Data extracts ▸
______
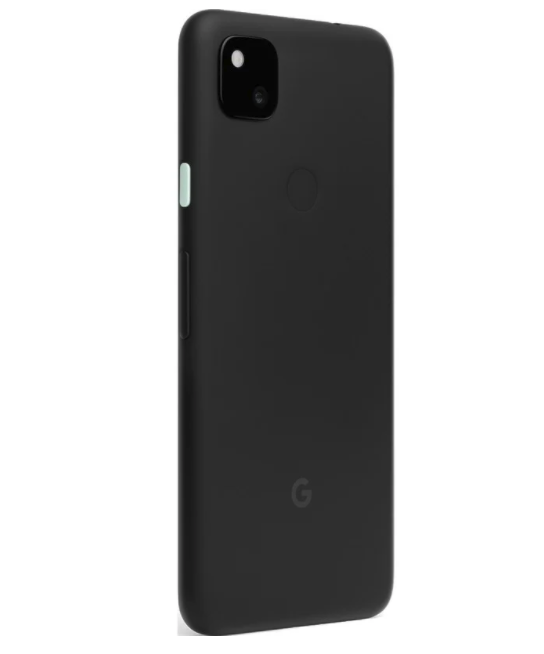 Google Pixel 4a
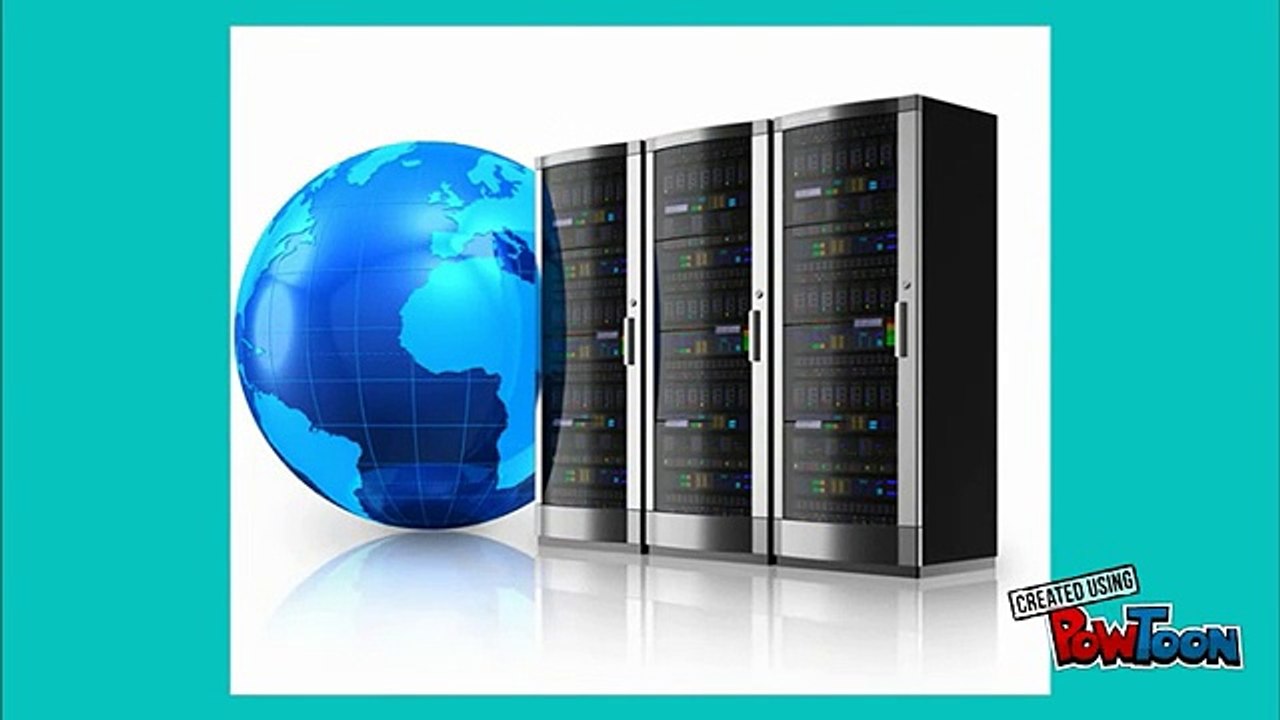Importance and Effects of Web Hosting to your Online Business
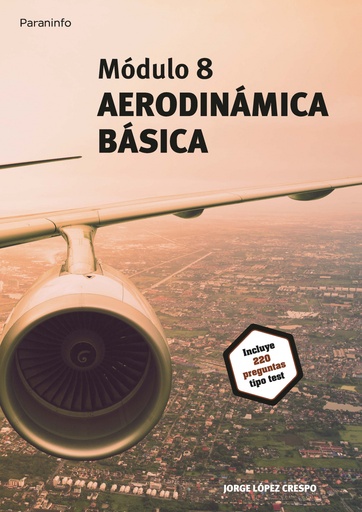 [9788428338684] Módulo 8. Aerodinámica básica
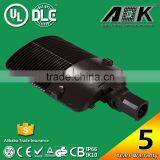 AOK-265WiT UL CUL DLC Approval IP66 Parking Lot Lighting Design thumbnail-5
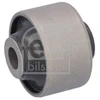 Image de Caoutchouc De Bras De Commande 182605 Febi Febi 182605 Nissan;Renault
______
Description of the task ▸
Restate every record exactly, please; do not copy the pictures.

Solution ▸
 Google Pixel 4a
Importance and Effects of Web Hosting to your Online Business
 [9788428338684] Módulo 8. Aerodinámica básica
 AOK-265WiT UL CUL DLC Approval IP66 Parking Lot Lighting Design thumbnail-5
 Image de Caoutchouc De Bras De Commande 182605 Febi Febi 182605 Nissan;Renault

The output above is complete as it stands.